Penanaman pemahaman akan pentingnya belajar memang harus dilakukan sedini mungkin. Siswa haruslah diajak berpikir kritis bahwa kegiatan belajar adalah keniscayaan bagi setiap manusia. Belajar bukanlah semata hanya karena persoalan akan ulangan atau ujian saja. Betul tidak dipungkiri masih banyak siswa kita yang berpikir demikian. Tetapi pola pikir yang semacam itu mestilah pelan-pelan diubah. Dari pemikiran yang bersifat pragmatis menuju pemikiran yang bersifat lebih esensial.
Alat ukur keberhasilan siswa di dalam proses belajarnya bukan hanya dengan ujian semata. Ujian Nasional hanya mengukur aspek kognitif (pengetahuan) dan itu pun juga menimbulkan banyak polemik. Ada satu kejadian siswa pandai dan menjadi "bintang kelas" tetapi saat mengikuti Ujian Nasional malah dinyatakan tidak lulus padahal ia sudah diterima di universitas dengan jalur nilai rapor atau ujian masuk sebelumnya. Fenomena ini kerap terjadi saat masih diberlakukannya UN dulu.
Persoalan lebih mendasar adalah bagaimana cara agar bisa membentuk sebuah sistem pendidikan yang menghasilkan lulusan bermutu. Sehingga nilai di atas kertas itu menjadi relevan dengan nilai dan mutu kualitas lulusan. Bukan semata bagus di atas kertas tapi tidak mencerminkan value sesungguhnya dari lulusan itu. Karena banyaknya praktek katrol nilai atau dongkrak nilai yang dilakukan oleh sekolah atau guru itu sendiri.

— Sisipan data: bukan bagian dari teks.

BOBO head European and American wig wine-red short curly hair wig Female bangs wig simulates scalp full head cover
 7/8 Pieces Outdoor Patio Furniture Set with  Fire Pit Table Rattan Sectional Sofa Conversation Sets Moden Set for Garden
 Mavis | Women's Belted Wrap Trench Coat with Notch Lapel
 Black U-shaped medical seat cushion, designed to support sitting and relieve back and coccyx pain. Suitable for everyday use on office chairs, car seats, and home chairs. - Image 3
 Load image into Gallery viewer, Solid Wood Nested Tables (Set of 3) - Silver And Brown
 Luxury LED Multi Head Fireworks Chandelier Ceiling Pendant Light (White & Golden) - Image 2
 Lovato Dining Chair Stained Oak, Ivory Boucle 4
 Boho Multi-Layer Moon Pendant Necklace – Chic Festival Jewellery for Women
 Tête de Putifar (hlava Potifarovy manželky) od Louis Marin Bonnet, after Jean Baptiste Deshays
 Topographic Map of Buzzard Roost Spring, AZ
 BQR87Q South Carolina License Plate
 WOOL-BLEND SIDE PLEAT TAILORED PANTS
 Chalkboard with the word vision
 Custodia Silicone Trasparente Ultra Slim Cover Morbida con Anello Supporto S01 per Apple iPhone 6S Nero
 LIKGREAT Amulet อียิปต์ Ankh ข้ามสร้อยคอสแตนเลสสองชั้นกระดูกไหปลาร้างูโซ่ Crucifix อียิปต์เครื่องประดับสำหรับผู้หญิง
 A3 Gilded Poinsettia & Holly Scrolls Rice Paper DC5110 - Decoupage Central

Persoalan-persoalan semacam ini dari dulu hingga sekarang masih saja membelit dunia pendidikan kita. Bagaimana menghadirkan dan melaksanakan sistem penilaian yang otentik nyatanya masih menjadi PR besar bagi guru dan sekolah-sekolah pada umumnya. Sehingga jangan heran jika akhir-akhir ini banyak ditemukan kejadian anak sudah SMP tapi belum lancar membaca. Atau anak sudah SMA tapi tidak lancar menggunakan konsep perkalian dan pembagian dasar. Tetapi faktanya mereka lulus dari jenjang sekolah sebelumnya. Sungguh sangat miris.
Kapasitas Personal Mendikbudristek Nadiem Makarim
Pak JK mengatakan bahwa Menteri Nadiem Makarim tidak memiliki pengalaman dalam mengelola bidang pendidikan. Dan faktanya memang demikian. Mas menteri tumbuh dan dibesarkan di lingkungan pendidikan barat. Latar belakangnya juga bukan seorang guru, dosen atau akademisi. Tetapi beliau adalah seorang pengusaha start-up yang sukses. Sukses merintis dan mengelola Gojek hingga menjadi besar seperti sekarang.
Kritik pak JK terhadap kapasitas Nadiem Makarim sebetulnya sejalan dengan kekhawatiran banyak kalangan di awal pelantikannya sebagai Mendikbudristek. Banyak yang meragukan kemampuan Nadiem dalam mengelola kementerian pendidikan. Meskipun toh tidak menjadi jaminan ketika kementerian pendidikan dinahkodai oleh seorang dosen atau akademisi juga akan sesuai ekspektasi publik.
Apalagi cakupan kementerian yang dipimpin oleh mas menteri ini dianggap terlalu luas dan multi bidang. Meliputi bidang pendidikan, bidang kebudayaan, bidang riset (penelitian) sekaligus bidang teknologi. Dihimpun dalam satu naungan kementerian. Luar biasa!